GPU bandwith doesn't matter in terms of the riser because the GPU isn't pushing all the calculation data back to the riser and the system, it only sends back what it solved from the huge amount of data.
Which is why 1x PCI-e (USB risers) is more than enough (250 MB/s) for virtually every algo.
Which is why I thought it. I also wondered about adapter cards which simply provide 3-4 pcie x1 slots in a single x16. No-go. Couldn't find any.
I don't know of a USB 3 controller that could process say 10 separate risers.
Who needs it? And it wouldn't work, anyway. A single controller would be bandwidth-limited by 10 cards. It could do five, though. There are PCIe x16 -> 5x USB3.1 cards. So three cards in three slots provide 15 cards (not many mobos with 4+ full-bandwidth PCIe3 x16 slots), plus the onboard USB3 ports, if any. That's three or four separate 6GB-bandwidth controllers.
But I think it could be done with the right thunderbolt connections as a mobo to t wire to pcie does exist.
And t bolt wire can handle a lot of data quickly.
Btw I like the way you think
That's very interesting. Alienware makes a similar unit, with an inbuilt PSU big enough to handle _real_ video cards. ;-)

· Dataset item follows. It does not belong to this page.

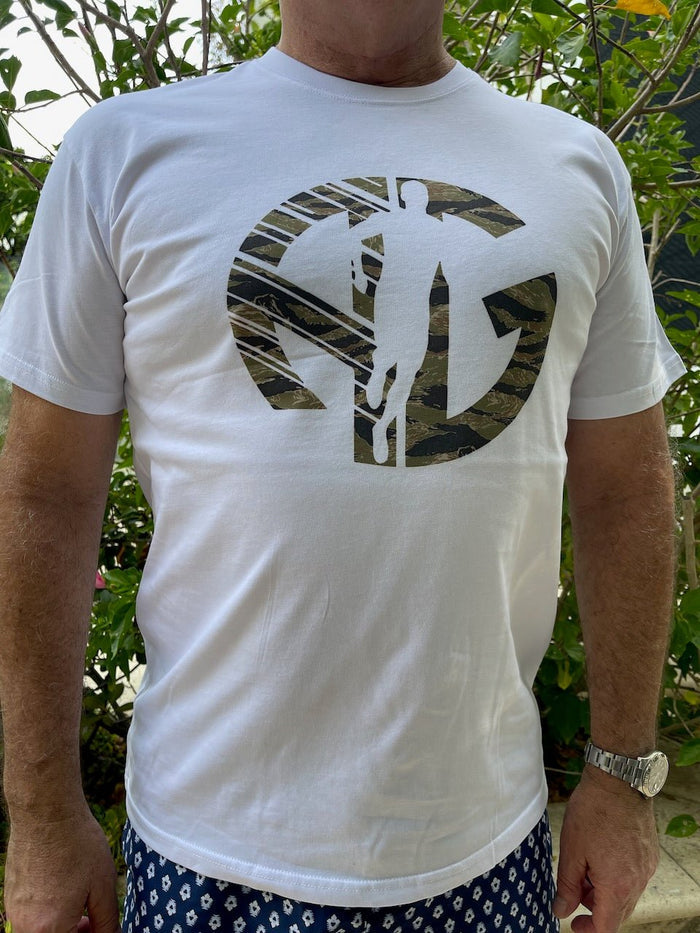 AG Running T-Shirt in White/Camo, Granite/Camo or Black/Camo - ANNIE.G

But, ultimately, we'd want to gut the case because a bigger PSU powering more cards is more energy efficient.
And we still don't actually need the bandwidth of Thunderbolt. USB3 is more than enough and considerably less expensive. I can't find the link, now, but while I was searching around last night I saw a header in the AMD forums suggesting they're working on USB-interface cards specifically for use as math coprocessing, which is what altcoin miners are using them for, but they also are in use in render farms, weather centers and anywhere else in need of more floating-point-operations-per-second (FLOPS) than CPUs can provide.